Generalizability theory makes a distinction between G and D studies. A G study is a study in which data is collected in order to examine a wide range of sources of variance affecting a measurement procedure whereas a D study (for Decision) selects either the G study design or some modification of that design for use in estimating the generalizability coefficient that can be expected in some subsequent application of the measurement procedure. A D study does not involve the gathering of data but rather uses the variance estimates from the sources designed into the G study to estimate what the generalizability coefficient would be under alternative construct definitions and sampling specifications. For example, suppose that the authors of a career maturity scale employ a p:c × i × occ (persons nested within class crossed with items crossed with occasion) G study design. That is, the career maturity scale is administered to several classes on at least two occasions. Under this design the broadest permissible construct definition generalizes over items and occasions with either person or class as the object of measurement. Suppose that an investigator has limited time available for student testing and wanted to know what the effect would be of reducing by 50% the number of items on the scale. This scenario could be set up and a generalizability coefficient estimated given specification of the object of measurement and construct definition (which facets are considered fixed and which random). This application of generalizability theory is analogous to power analysis (Cohen, 1977) in which different sampling scenarios are evaluated to determine the probability of detecting an effect. In D studies different measurement scenarios (alternative construct definitions coupled with alternative sampling frequencies) are evaluated to determine the precision with which objects of measurement can be differentiated.

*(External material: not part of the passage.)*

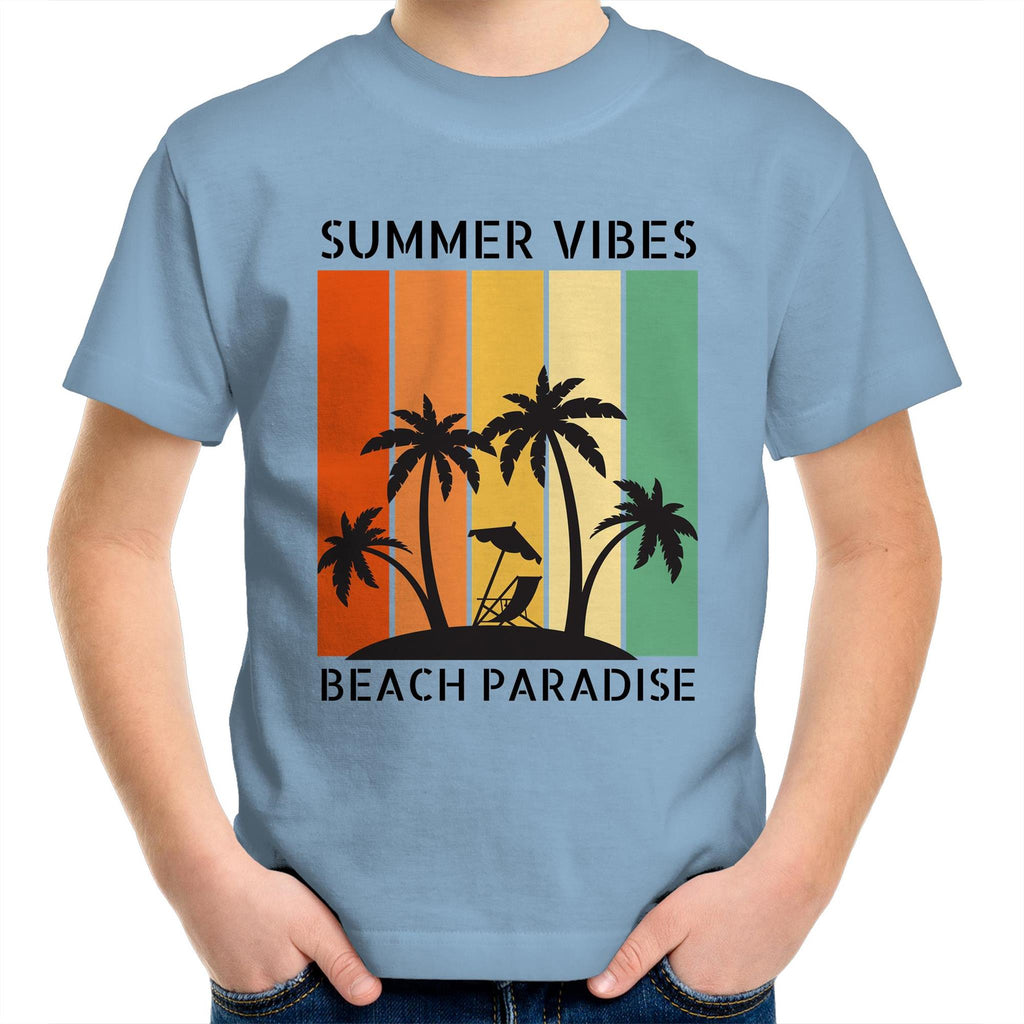Summer Vibes - Kids Youth T-Shirt Carolina Blue Kids Youth T-shirt Printed In Australia Summer Surf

2 An Illustration of Generalizability Theory

Before proceeding with an example, it may prove useful to reflect on the meaning of a generalizability coefficient as well as its general form. A generalizability coefficient is simply the ratio of true score variance (or universe score variance) to the sum of true score variance and error variance:

$${\sum }_{\rho }^2 = \frac{\text{True\,score\,variance}}{\text{True\,score\,variance}+\text{error\,variance}}=\frac{\tau }{\tau + \delta }$$

The components that enter true score variance and error variance change as the construct definition changes, but the basic expression for a generalizability coefficient remains the same. Following are several descriptive comments about the generalizability coefficient that may help in gaining an intuitive grasp of what this ratio means:

  • One task of measurement is to differentiate among objects (e.g., classrooms or children) on some scale while simultaneously generalizing over selected facets. The higher the generalizability coefficient, the better the differentiation or separation among objects.

  • Children or classrooms differ on a scale for many reasons (we usually refer to these reasons as sources). Some of these reasons are important to us and represent what we want to measure, and others are not of interest and represent noise. Differences among students that arise due to reasons we are interested in, we call true score differences whereas differences due to reasons we are not interested in, we call error differences. A generalizability coefficient is simply the ratio of average squared differences between objects that arise from wanted sources divided by the average squared differences between objects arising from wanted and unwanted sources.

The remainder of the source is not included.